Saturday, December 12, 2009

Kids Say the Darndest Things Part Deux

Oh little children! How your purity and innocence are merely veils hiding your true corrupt selves! Have I got a few stories for you all today. Somehow they all deal with my 6 to 7 year olds.


First, in one class a couple weeks ago, I was using flash cards with pictures of various simple objects like animals and articles of clothing on them and my students had to tell me the English word. On each card was written the first letter in English that the word started with. So for example, for ‘Umbrella’ there was a picture of an umbrella and a big U under it. Everything was going smoothly until we got to cow.
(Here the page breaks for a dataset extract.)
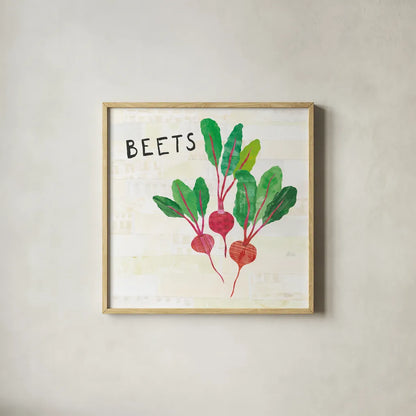 Kitchen Garden V Cream by Melissa Averinos. Shown in a natural wood glass frame for a timeless modern aesthetic. Available as an archival giclee rolled canvas, fine art paper, or poster print. SKU 35526a.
The kids looked at the card and starting mumbling the letter C to themselves. “C...C...C...” and then somehow the collective consciousness veered 3/4ths of the class to yell out “Sex!” I’m still confused to this day as to why.


Then in another class a girl asked me, “How do you say homosexuel in English?” I blinked, looked at her confusingly and asked her to repeat her question. Surely she didn’t ask me what I thought she said. She repeated her question again and sure enough it was what I’d heard the first time. So reluctantly, I replied, “Homosexual” to which one of her neighbors pipped up and said, “Yes, that’s the word we’re asking you. But how do you say it in ENGLISH?” (sigh...)


Finally in yet another class the little brats were acting horribly and I couldn’t get them to calm down and listen and finally at one point I raised my voice and said, “Will you please sit down and quiet down! You just run around and you never listen!” Then, the smartass of the class, Etienne, placed his finger behind his ear and sarcastically said, “Quoi?” If it wasn’t one of the funniest moments I ever experienced, I probably would have sent him in the hall. But come on; that was good.